Rheumatology
Who we are
The Rheumatology team at PCH treats children and young people who are 15 years old or under for a range of musculoskeletal and autoimmune problems. We may be involved in the care of your child as an outpatient or if they have been admitted to any inpatient ward at PCH, either by consultation or admission.
Our team comprises:
- consultant paediatric rheumatologists, rheumatology registrar/fellow and resident
- rheumatology liaison nurse
- occupational therapist
- physiotherapist
- psychologist
- school liaison teacher.
Conditions we manage
The main conditions cared for by the Rheumatology team are:
- Juvenile Idiopathic Arthritis (JIA)
- Systemic Lupus Erythematosus (SLE)
- Juvenile Dermatomyositis (JDM)
- Vasculitis
- Hypermobility
- Connective tissue/genetic bone disorders
- Scleroderma
- Chronic recurrent multifocal osteomyelitis (CRMO)
- Juvenile Idiopathic Arthritis: Any chronic arthritis condition that occurs in children is called JIA. Juvenile means the condition started before 16 years of age, idiopathic means the cause of the condition is not fully known yet and arthritis simply means inflammation of one or more joints.
Many different terms were used in the past to describe arthritis in children, such as Juvenile Arthritis, Juvenile Chronic Arthritis, Juvenile Rheumatoid Arthritis, and Still’s Disease. They are now all called Juvenile Idiopathic Arthritis, and there are five main types we see:
- systemic onset
- oligoarthritis or pauci-articular
- polyarticular
- enthesitis related arthritis
- psoriatic arthritis.
JIA is an autoimmune disorder but the reason it starts and persists is not fully understood. Research suggests that for some types of JIA, genetics may be involved, but very rarely does more than one family member get JIA.
Services we provide
Outpatient clinics for assessment of children to help diagnose or exclude rheumatic and musculo-skeletal disorders, and to provide long term follow up for children with chronic disease.

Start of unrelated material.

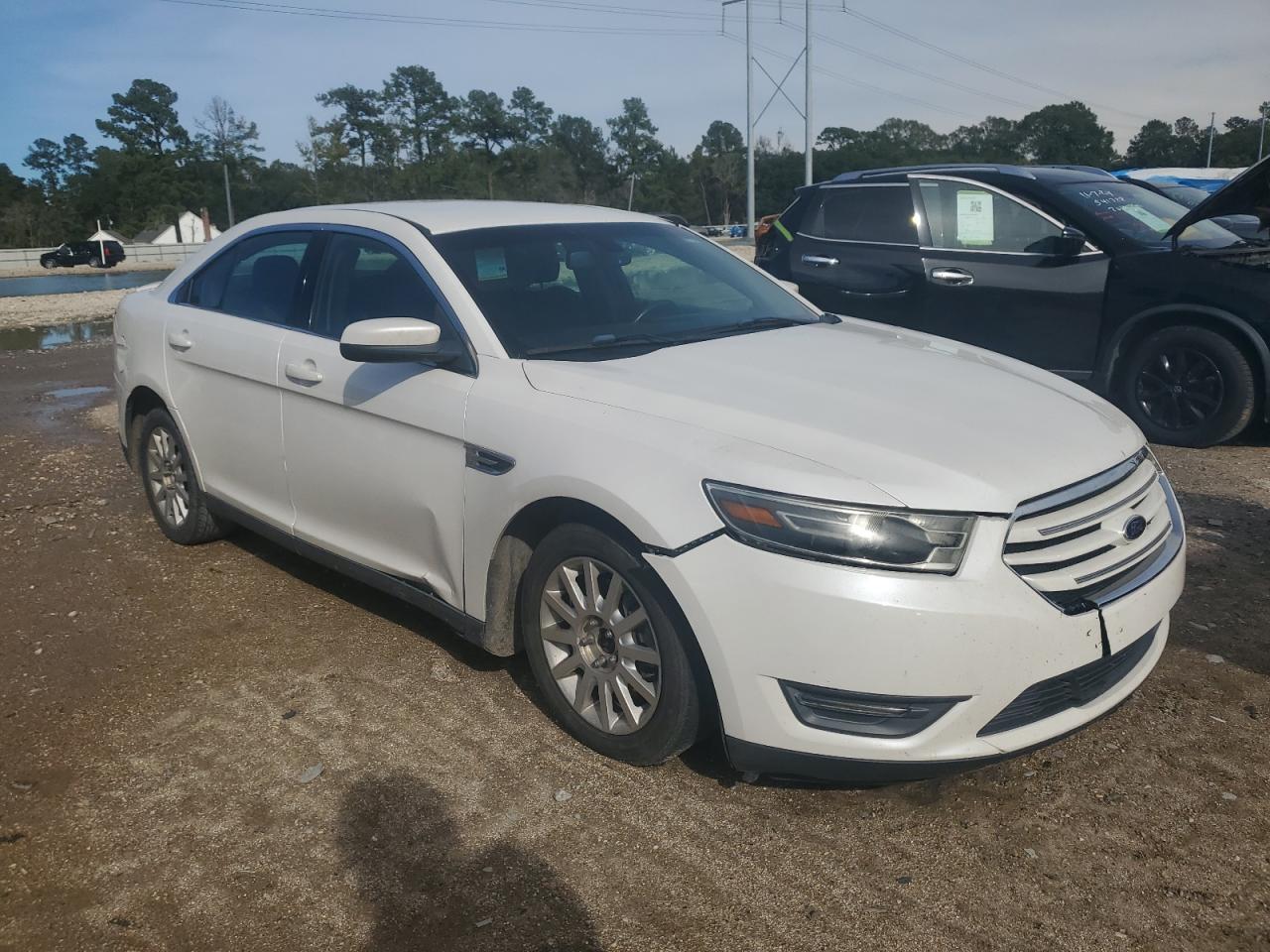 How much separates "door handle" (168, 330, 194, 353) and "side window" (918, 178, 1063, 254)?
4.96m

Inpatient care for admitted children with rheumatic conditions and consultation with other teams.
Access to important clinical trials for new drug therapies for severe and rare disorders in children.
Physical therapy (PT/OT) and psychology follow up for acute severe disorders with such care transitioned to community providers when appropriate.
Referrals
All Specialist Rooms, GPs and WACHS referrers are being advised to direct all non-urgent referrals for PCH outpatient services to the Central Referral Service.
Online
https://ww2.health.wa.gov.au/Articles/A_E/Central-Referral-Service-guide-for-referrers
- New referrals will be assessed against the eligibility guidelines and prioritised according to medical need.

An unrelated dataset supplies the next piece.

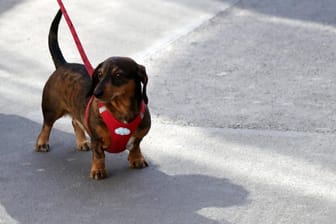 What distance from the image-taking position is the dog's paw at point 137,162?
516cm

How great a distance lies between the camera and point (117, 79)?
15.1 ft

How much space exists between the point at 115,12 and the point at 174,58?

- Referrals from Nurse Practitioners, other non-medical referrers and private hospitals (including those with a private-public partnership) are to be directed to PCH Referral Office.
- All urgent referrals are to be sent to the PCH Referral Office.
- Urgent referrals must always be discussed with the PCH Consultant / Registrar on call before the referral is sent.
- The referral needs to include the name of the Consultant/ Registrar the referrer spoke to.
- Each referral is to be faxed individually.